What is your favourite tichel? Impossible question! Haha! Israeli Tichels are my favorite “type” though.

What recommendations would you make to someone who is just starting to learn how to tie? Watch videos of others tying, master one look you really like…and just keep trying! 😉 AND a velvet band is a MUST!

Can you tell me any interesting stories about the women you’ve met during your covering journey? A funny flattering story…I was in the grocery store with the kids, we turned onto the drink aisle and a container of juice had spilled all over the floor. I sent my oldest to go get a sales clerk and while he was gone a woman came down the other end of the aisle. She just kept staring at me. I was thinking she had seen the juice but she just kept walking straight for it, staring at me. Eventually she got so close and was about to walk right into the lake of grape juice all over the aisle so I lunged forward and said “stop!”. She was utterly shocked and snapped out of her fix on me, I said “ma’am there is juice on the floor be careful” she said…”I cannot stop staring at how beautiful your wrap, (is that what you call it?) is on your head….you are a breath of fresh air, and I cannot get enough! You are so modest AND beautiful! I don’t see this everyday!” It made me smile for a month! I promise! Haha!
I also had a case worker for one of my babies, who covers her hair and knows the lovely Zarinah El-Amin Naeem! We were so excited for the pictures from the last head wrap expo and wanted to come so bad! She would bring pictures and calendars of beautiful wraps when she would come over and we got to connect through our wraps. The first time she came to my house we both just stopped and stared at each other. It was funny and we laughed about it later. We were both so shocked to meet and have that in common!
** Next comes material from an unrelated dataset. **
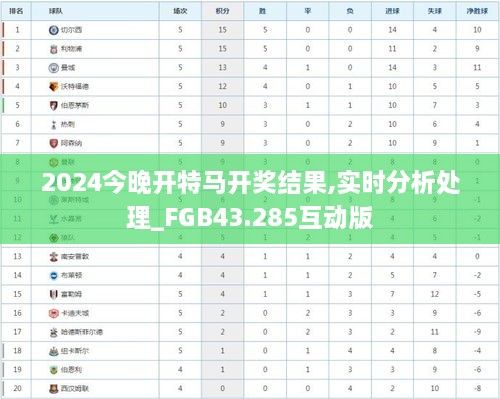 2024今晚開特馬開獎(jiǎng)結(jié)果,實(shí)時(shí)分析處理_FGB43.285互動版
What is your favourite colour? Oh my……the rainbow. Haha! I love all colors! I think purple and teal are my two “favorites” but it’s hard to say for sure! I love all colors!
What are you grateful for right now? The amazing, encouraging, sisterhood of women that cover as well!

 

The Beautiful Carmen!

Carmen is a true artist – and her talent for pairing gorgeous colours with the perfect accessories is nothing short of inspirational!  She and I have known each other on facebook for a while… yes, she is the one that inspired the pearls post recently!  I continuously wowed by her creativity… and her gentle and loving comments always let me know about the depth within her.  In the following photos make sure you click on them each individually to appreciate how she puts things together – it’s incredible!  I am so proud to introduce her to you as Wrapunzel’s Lady Wrap Star!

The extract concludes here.